Remarkably, the line from A to V has three segments of length s - a, s - b, and s - c (as shown below), for a total length of s - a + s - b + s - c = 3s - (a + b + c) = s.

Let's now see why BV has length s - c. Note that BV and BT have the same length, as do CT and CU. Moreover, AU and AV also have the same length, and the sum of their lengths is a + b + c = 2s, as you can see by “folding” CU to CT and BV to BT. Therefore, each of them has length s. Then the length of BV is s - (s - a) - (s - b) = s - c.

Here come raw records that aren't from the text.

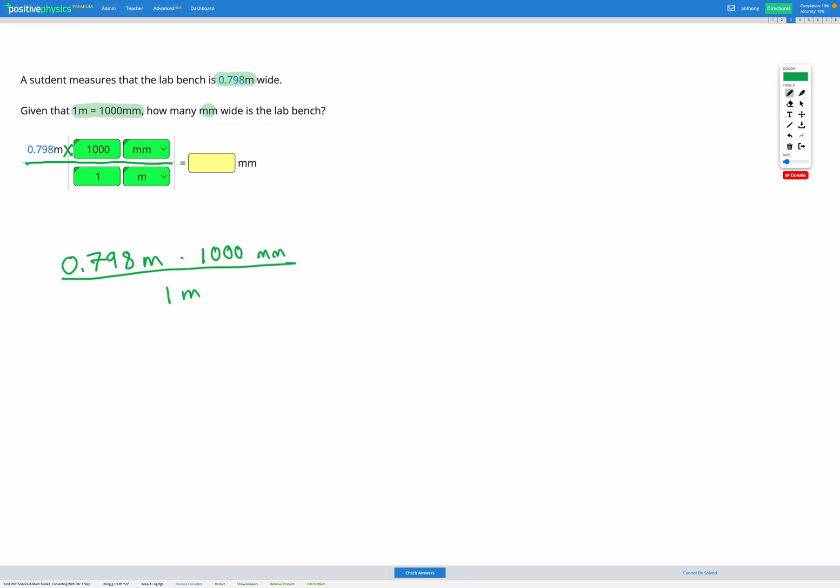Now at this point, you'll notice we have meters on the top and the bottom, so we can cancel out the meters. So we're left with 0.798 multiplied by 1,000 divided by 1, and our unit is millimeters. So if we put that into our calculator, we get 798 millimeters.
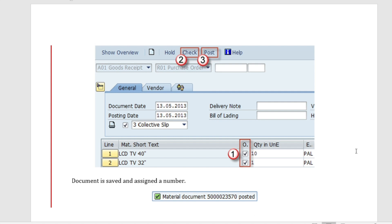Once you have the message that the document is okay, you can post the document by clicking the Save button. Whenever you do a GR, a material document is posted and also an accounting document is posted. You can check the accounting document and the CO document if it is relevant. You can display the material document and click on the 'Follow-on Documents' button to check the accounting and CO document.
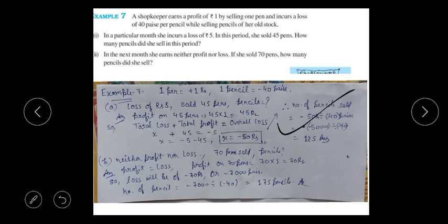The profit from pens was 70 rupees, so the loss from pencils will also be 70 rupees. We can write 70 rupees as 7000 paise. To find the number of pencils, we divide the total value by the per-pencil value: 7000 divided by 40, giving us the answer of 175 pencils.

On to our final step to determine the incircle radius r. Note that the two right triangles marked below are similar. As Conway wrote, “in view of angles”. ∡ZBI = β/2, so ∡ZIB = π/2 - β/2. And ∡OBV = ∡TBV / 2 = (π - β) / 2.

Therefore, (s - b)/r = t / (s - c), where t is the radius of the outcircle. A dilation with center A maps the incircle to the outcircle. Its scale factor must be s / (s - a) since it also maps Z to V. That yields the radius of the outcircle as t = r s / (s - a). Plugging into the first equation yields (s - b)/r = r s / ((s - a)(s - c)), or r^2 = ((s - a)(s - b)(s - c))/s.

At the very beginning, we saw that the area \Delta = sr. Now that we know r, we see that Delta = s \sqrt{((s - a)(s - b)(s - c))/s} = \sqrt{s(s-a)(s-b)(s-c)}.